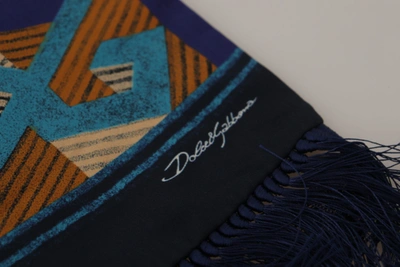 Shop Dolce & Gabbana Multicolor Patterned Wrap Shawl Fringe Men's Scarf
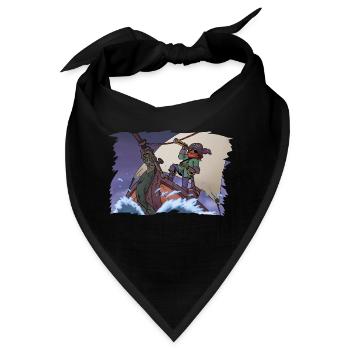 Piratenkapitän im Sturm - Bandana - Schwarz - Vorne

* * *

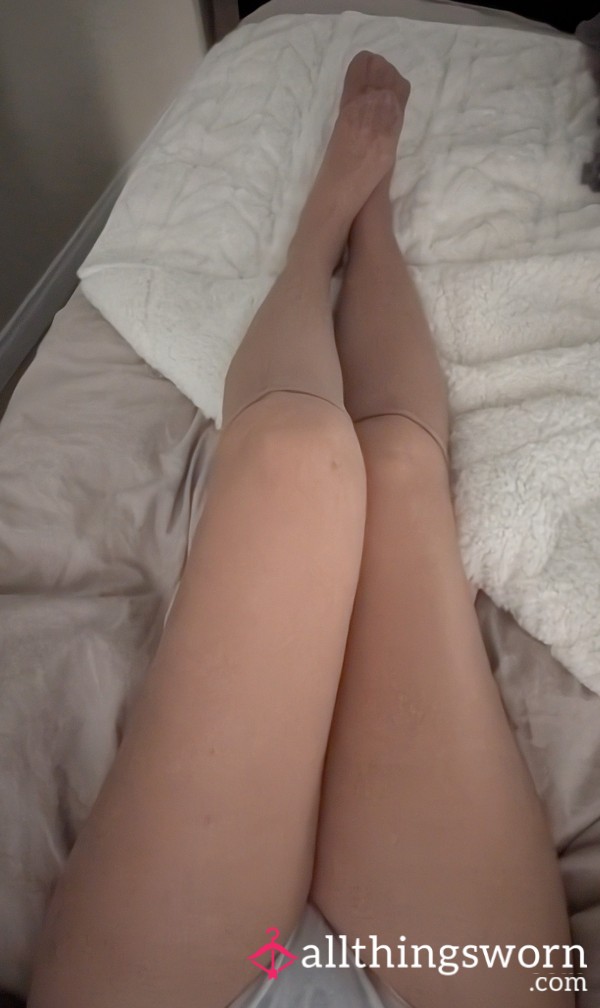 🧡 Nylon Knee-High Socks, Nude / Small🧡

---

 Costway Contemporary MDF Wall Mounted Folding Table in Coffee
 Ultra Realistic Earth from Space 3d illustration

◆ YOUR GOAL
Begin at the line that has "Costway Contemporary MDF" in the entries above; stop after the line that has "Ultra Realistic Earth". Transcribe exactly those lines and no others.

◆ ANSWER
 Costway Contemporary MDF Wall Mounted Folding Table in Coffee
 Ultra Realistic Earth from Space 3d illustration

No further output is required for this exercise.